Setelah mengambil tepak makan satu persatu, para siswa kembali ke tempat duduknya dan meletakkan tepak makan itu di atas meja. Kemudian, mereka keluar lagi untuk mencuci tangan di keran depan sekolah. Selanjutnya, mereka mengeringkan tangannya dengan kain lap warna biru yang sudah tersedia dan kembali duduk di bangkunya masing-masing.
“Yang tertib ya,” ujar Sri Rejeki, salah satu guru yang mengawasi siswa-siswi kelas 2 tersebut.
Setelah semua siap, para siswa membuka tutup piring makan stainless di hadapannya. Ada yang ceria karena dapat menu tahu, telor, sayur, dan susu bantal–tak ada menu ayam. Ada pula yang terkejut dengan ukuran buah di dalamnya.
“Alamak, kecil sekali jeruknya,” ujar salah satu siswa, terkejut.
Kegiatan itu, menjadi rutinitas baru di sekolah tersebut setelah adanya Program Makan Bergizi Gratis (MBG) yang dicanangkan Presiden Prabowo. Sebelumnya, kami sudah minta izin kepada pihak sekolah untuk liputan atau wawancara. Sambutannya pun positif. Anak-anak juga tampak senang saat ditanya.
Untung bagi siswa SD di Sleman, Jogja
Nizam (8) memakan lahap menu Makan Bergizi Gratis yang diadakan pemerintah Prabowo-Gibran. Tak ada yang tersisa di piring makannya. Kecuali kuning telur yang sengaja ia sisakan untuk dimakan di akhir.
Setelah menghabiskan semuanya, dia langsung cuci tangan. Lalu meletakkan piring di atas meja yang sudah tersedia di depan kelas.
“Enak!” kata Nizam sambil menunjukkan susu bantal miliknya yang belum habis.

Nizam berujar selama ini tak pernah membawa bekal makan siang.
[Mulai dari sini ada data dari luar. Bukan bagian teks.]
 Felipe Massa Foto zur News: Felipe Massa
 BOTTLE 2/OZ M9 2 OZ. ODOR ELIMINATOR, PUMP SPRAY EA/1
Ia juga jarang sarapan. Biasanya kalau lapar dia lebih memilih beli di kantin sekolah atau membeli jajanan di depan sekolah. Biasanya, ia membeli mie instan, ice cream, atau sejenis snack untuk mengganjal perut.
“Dulu sanguku Rp10 ribu, sekarang jadi Rp7 ribu,” ujar Nizam yang tampak kecewa dengan pengurangan uang saku tersebut.
Begitu juga dengan Nevan (8), teman sekelas Nizam. Uang sakunya bahkan lebih kecil, yakni Rp4 ribu. Sama seperti Nizam, Nevan juga tak pernah membawa bekal.
“Ibu sibuk kerja,” ucap Nevan, salah satu siswa di SD Negeri Sinduadi Timur, Sleman, Jogja.
Tak hanya Nevan dan Nizam. Karena ada alasan tertentu yang melatarbelakanginya, Nindi juga mengaku tak pernah membawa bekal ke sekolah.